WATERBURY, Vermont – The Vermont Agency of Natural Resources is seeking to increase renewable energy in the state by jumpstarting small hydro projects. The agency now is working more closely with developers so they understand the feasibility of their sites and the permits that will be required to enable their projects.
Vermont is the only state in the New England region that conducts “prefeasibility assessments” to help streamline the permitting process.
“We cannot be serious about promoting renewable energy if we’re not willing to work with developers to help them get the projects out the door,” said Secretary George Crombie.
“Providing a prefeasibility assessment for small hydro projects is an important step to aggressively pursue the goals the governor set in dealing with climate change while creating some green job opportunities,” he said.
In a report to the Legislature Friday, the agency said Vermont could build up to an additional 25 megawatts of electric generation in its renewable energy portfolio at some 44 sites where there are existing dams.
Improving efficiency at the state’s 78 existing facilities could generate another several megawatts of power.
In total, that is enough extra renewable power to run 25,000 homes in Vermont.
“We should be doing everything we can to re-use appropriate dam sites to generate renewable energy and reduce our carbon footprint.
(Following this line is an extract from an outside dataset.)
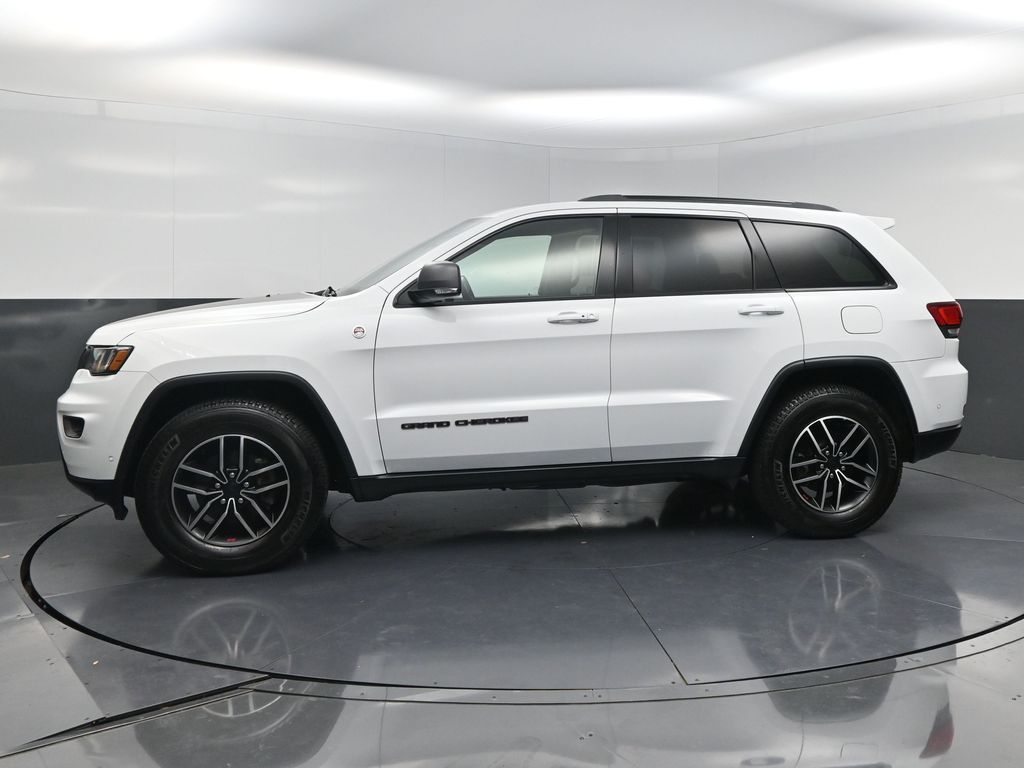 2019 Jeep Grand Cherokee Trailhawk White at Genesis of Spring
This is a strategic piece of the Governors Commission on Climate Change,” said Crombie.
Instate hydropower accounts for about 12 percent of electricity used in Vermont. Applications for 15 new small hydro projects are under review at the agency.
There is opportunity to increase capacity at current facilities, too, Crombie said, adding that replacing aging equipment with modern turbines and installing units that can use “bypass flow releases” would improve efficiency and increase energy production.
The full report will be available online at the agency’s website.